— Work required —
Restate, word for word, the run of lines that starts at the line containing "Lolita Cosplay Pumps" and ends with the final line of the listing. Leave pictures out.

- - - - -

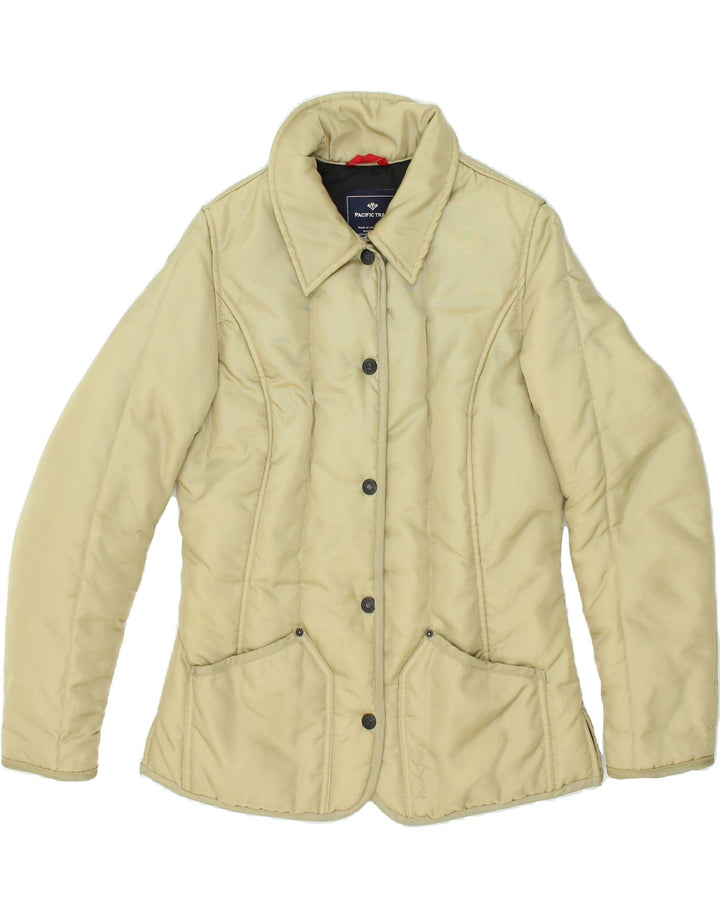 VINTAGE Womens Padded Jacket UK 14 Large Beige Nylon | Vintage Vintage | Thrift | Second-Hand Vintage | Used Clothing | Messina Hembry 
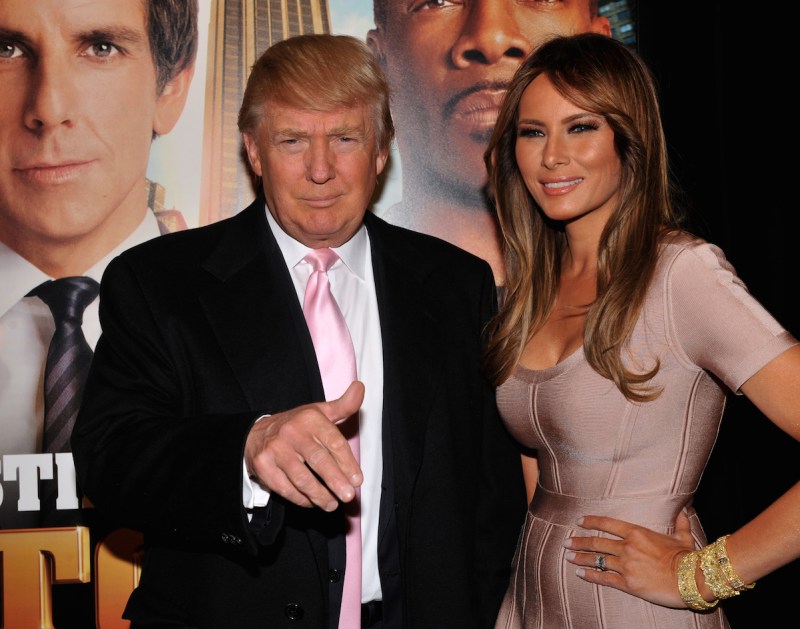 Donald Trump with his wife Malania (they filmed the movie in his building) at the Premiere of the movie "Tower Heist' at the Ziegfeld Theater. (Photo By: Richard Corkery/NY Daily News via Getty Images)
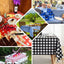 Plastic Table Cover White/Yellow Checkered Rectangle - Lightweight PVC Disposable Tablecloth 54"x108"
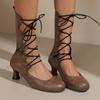 Lolita Cosplay Pumps Women Kitten Heels Shoes 2025 Bandage Spring Summer Boots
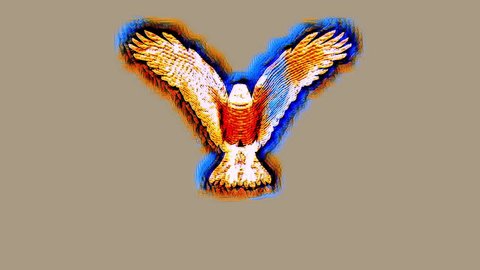 Flying eagle in Post-Impressionism style animation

- - - - -

— Exercise response —
 Lolita Cosplay Pumps Women Kitten Heels Shoes 2025 Bandage Spring Summer Boots
 Flying eagle in Post-Impressionism style animation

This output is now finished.